University police officer discusses campus safety precautions

Hilltop Views asked University Police Officer Alice Gilroy to comment on the current state of campus security.

The recent uptick in reports of bike thefts and thefts from residential rooms and academic buildings is a sign of the growth of a city, economic conditions, the holiday season, and a lack of personal responsibility.

We cannot do anything about our city growing, the theft for Christmas money, or economic hardships, but we can take more personal responsibility in how we protect ourselves.

When students move on campus they leave the safety and security of their homes and the watchful protection of their parents. They have grown up with an adult making sure the doors are locked, the bike is in the garage, the car is locked, and someone knows where they are and when they will be home. They have grown up with friends their parents probably approved of beforehand.

Their parents have kept out unwanted intruders and taken care of solicitors and scam artists. These young people come to school wanting to make their own adult decisions, but without practice they often become victims to criminals who have years of experience.

Young people who have never lived alone may become too trusting  because of the safety net they have become accustomed to. So they leave their residence doors unlocked, allow people to follow them in to the residence halls without question or walk alone at night.

Because they are making new friends, sometimes they do not have enough time to make good judgments on the character of the person they are partying with. Because they want to be adults and experiment with excessive drinking, they often find themselves in dangerous situations around people they should not trust.

Making yourself safe is not necessarily convenient or fun.
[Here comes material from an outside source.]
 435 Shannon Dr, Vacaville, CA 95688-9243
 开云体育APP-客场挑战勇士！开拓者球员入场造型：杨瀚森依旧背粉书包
While they never would have considered allowing strangers to walk into their house, now these young people are allowing strangers to stay in their rooms as unreported guests. 

They sleep with their doors open and are surprised to awaken to someone standing over them. They leave money, wallets, and computers unsecured in rooms, or unattended in academic buildings, and are surprised when their property is stolen.

Learning personal responsibility is just part of growing up and leaving home. Unfortunately, it can be a painful experience. UPD deals with a lot of victims who are embarrassed and blame themselves for what has happened. 

They do not want to tell us their computer was stolen because they left their room unlocked while they were at the laundry, in the shower, or sleeping. 

I want to make sure that everyone understands that why it is important to take steps to protect yourself, becoming a victim was not your fault. The personal responsibility of the crime rests solely with the criminal.